En revanche, les Pasdarans qui se sont battus en Syrie peuvent vouloir des gages. Mais cela passe par la future composition politique en Syrie, pas par une confrontation directe avec Israël. Sur ce point, oui, il peut y avoir un affrontement en Syrie, mais qui ne comporte pas que les voisins mais avant tout les différentes communautés qui vivent sur place. Mais pas militairement nécessairement.
L'Iran n'établit donc pas de bases pour attaquer Israël, c'est faux. Elle s'assurent du futur de la composition de la Syrie future.

Mais le contexte actuel, s'il reste aussi tendu, est aussi propice à un dérapage. Et dans la configuration actuelle, cela pourrait entrainer une nouvelle escalade de violence importante...

Je ne suis pas spécialiste militaire, mais à partir où vous avez dans une zone réduite plusieurs armées ennemies qui se côtoient avec des conflits préexistants, oui, il y a des risques. On le voit avec les Kurdes et les Turcs.

Qu'est-ce qui empêche dès lors de voir ce qui arrive au nord du pays entre les Turcs et les Kurdes d'arriver au Sud entre le Hezbollah et les Israéliens ?

En effet, d'où l'importance des négociations.
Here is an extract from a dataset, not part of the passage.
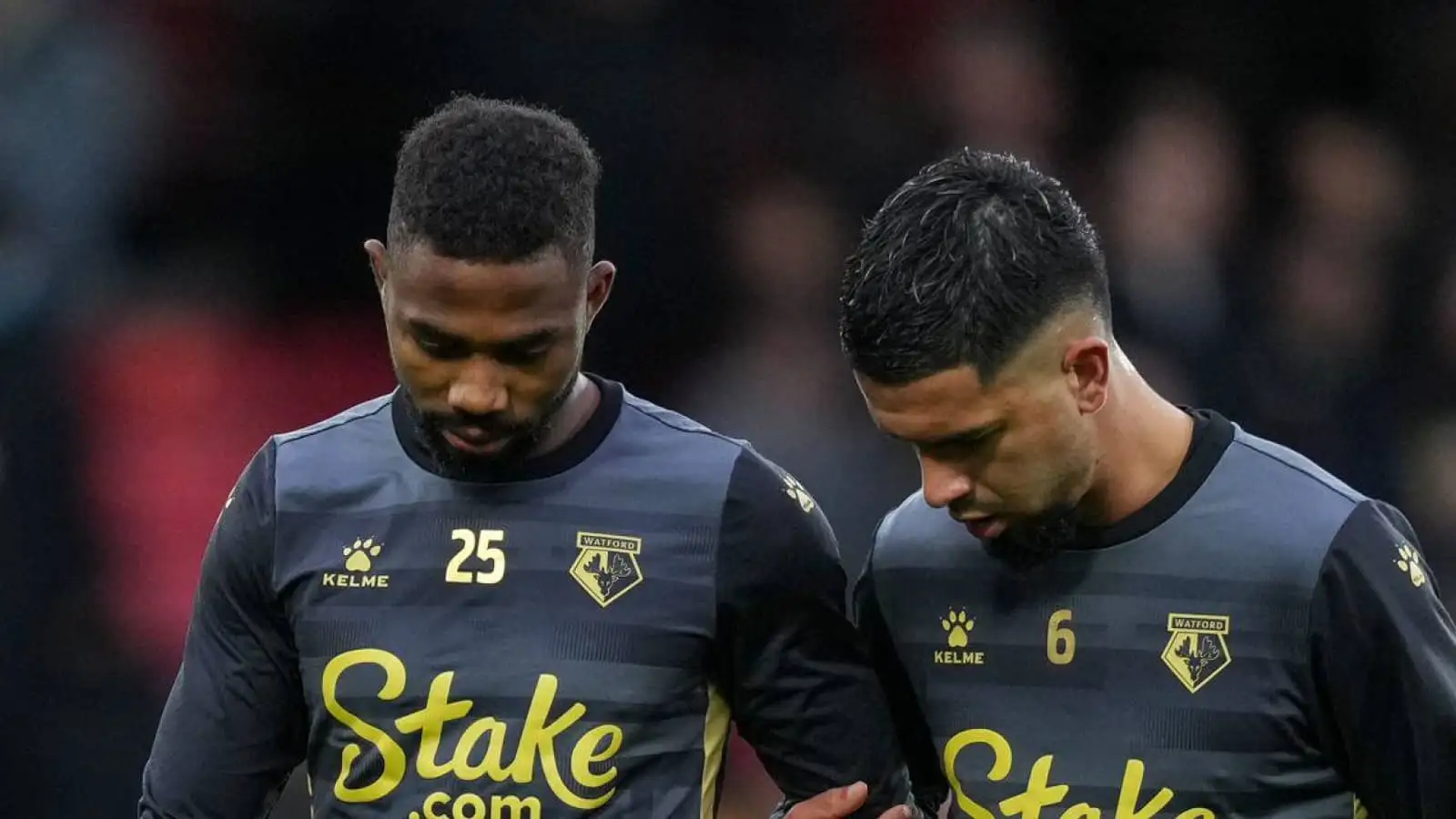 Everton place former Prem ace Emmanuel Dennis at top of shortlist following Richarlison departure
Ce qui est le plus à craindre c'est un dérapage parce que les adversaires sont à couteaux tirés et ne se parlent pas. Nous sommes dans une « zone dangereuse » où le faux-pas peut avoir des conséquences désastreuses c'est vrai. C'est peut-être aussi le signal envoyé par les déclarations « guerrières » des deux camps.